Hadoop Components


Node : A node is simply a computer, typically non-enterprise, commodity hardware for nodes that contain data.

Rack :A rack is a collection of 30 or 40 nodes that are physically stored close together and are all connected to the same network switch.
         Network bandwidth between any two nodes in rack is greater than bandwidth between two nodes on different racks.

Hadoop has two major components:

- The distributed filesystem component, the main example of which is the Hadoop Distributed FileSystem, though other file systems are supported.

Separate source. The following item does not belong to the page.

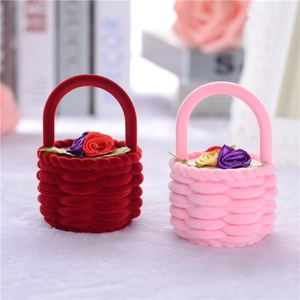Velvet basket jewelry boxes in red and pink with flower accents in a dual product view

- The MapReduce component, which is a framework for performing calculations on the data in the distributed file system.

HDFS :

-HDFS runs on top of the existing file systems on each node in a Hadoop cluster.
-Hadoop works best with very large files. The larger the file, the less time Hadoop spends seeking for the next data location on disk and the more time Hadoop runs at the limit of the bandwidth of your disks. Seeks are generally expensive operations that are useful when you only need to analyze a small subset of your dataset. Since Hadoop is designed to run over your entire dataset, it is best to minimize seeks byusing largefiles. Hadoop is designed for streaming or sequential data access rather than random access. Sequential data access means fewer seeks, since Hadoop only seeks to the beginning of each block and begins reading sequentially from there. Hadoop uses blocks to store a file or parts of a file.

 MapReduce :

 A MapReduce program consists of two types of transformations that can be applied to data any number of times - a map transformation and a reduce transformation.
 A MapReduce job is an executing MapReduce program that is divided into map tasks that run in parallel with each other and reduce tasks that run in parallel with each other.